Cemalettin Sarar ile nostalji yazımızın ikinci bölümüne kaldığımız yerden devam edelim.

Gerçi bunlar nostaljiden çok günümüzle ilgili.

Yalnız şu “eski otogar yeri” konusunu biraz açmak istiyorum.

Eski otogarın yeri bilindiği gibi geçmiş yıllarda Sarar grubu tarafından alınmıştı, geçen sürede ise hiçbir şey yapılamadı.

Sarar, yapılamamasının nedenini ise, orada bulunan pavyonun boşaltılamamasına bağlıyor.

“Bütün kiracıları çıkardık, bir pavyonu çıkartamıyoruz, devletin bile gücü yetmedi” diyor.

Yani eski otogar yerinin durumu pavyonun çıkıp, çıkmamasına bağlı.

 

***

Cemalettin Sarar’ın önce “Eskişehir’in sahibi yok” dediği, hemen sonra da “Bir sahibi var” dediği konu.

Bu şehrin ağabeylere ihtiyacı var konusuna katılıyoruz.

Ama bu şehir sahipsiz de değil.

Cemalettin beyin önce yok, sonra da var dediği konu şöyle.

“Bu şehrin bir sahibi var, onu da herkes biliyor. Bu şehri aldı götürdü, kendisi de bir marka”

Söz ettiği elbette Yılmaz Büyükerşen idi.

Sözlerinin sonunda adını da verdi zaten.

 

***

Eski otogarın yerinin daha önce otel yapılacağı söyleniyordu.

Ancak Cemalettin bey, artık Eskişehir’in otele doyduğunu belirtiyor.
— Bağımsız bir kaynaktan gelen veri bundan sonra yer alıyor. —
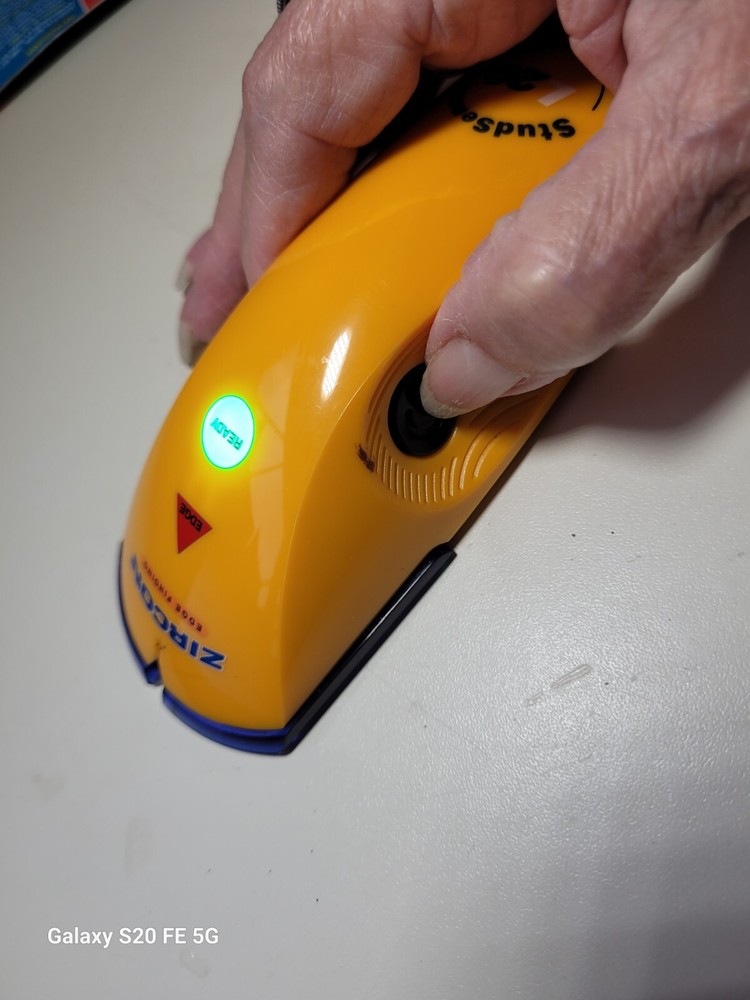 Zircon StudSensor L20 Stud Finder Scan 3/4" Depth Wood Stud Finder EDGE-QR CODE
Otellerin daha çok hafta sonlarında dolduğunu, hafta içlerinde ise boş olduğunu belirtiyor ve orada otel yapmaktan vazgeçtiğini ifade ediyor.

Zaten kendisinin Kızılcıklı Mahmut Pehlivan caddesindeki otel inşaatı sürüyor, bir de İstanbul Beylikdüzü’nde 265 odalı otel inşaatı var.

İki otel yatırımı yeter diyor anlaşılan.

 

***

Eskişehir’e yaptığı en iyi hizmetin Ticaret odası Başkanlığı döneminde fuar yerini almak olduğunu belirtiyor Cemalettin Sarar.

Şimdi oraya yapılan Fuar ve Kongre Merkezi’nin Eskişehir7e faydalı olacağını belirtiyor.

Sanayi Odası seçimlerinde de Celalettin Kesikbaş’ı destekleyeceğini açık açık vurguluyor.

Dünya markalarına mal diktiklerini belirtirken işlerin iyi olduğunu, Sarar’da kimsenin hakkı kalmaz derken de son günlerdeki bazı söylentilere yanıt veriyor.

Eskişehir’in hassas konularından kömürlü termik santral konusuna da, bir sanayici olarak, “Bu santral Eskişehir’e yakışmaz, Eskişehirli temiz suyu, temiz doğayı sever” diye yanıtlıyor.

Cemalettin Sarar ile sohbet güzel, ağzından iyilikten, güzellikten başka bir şey çıkmıyor.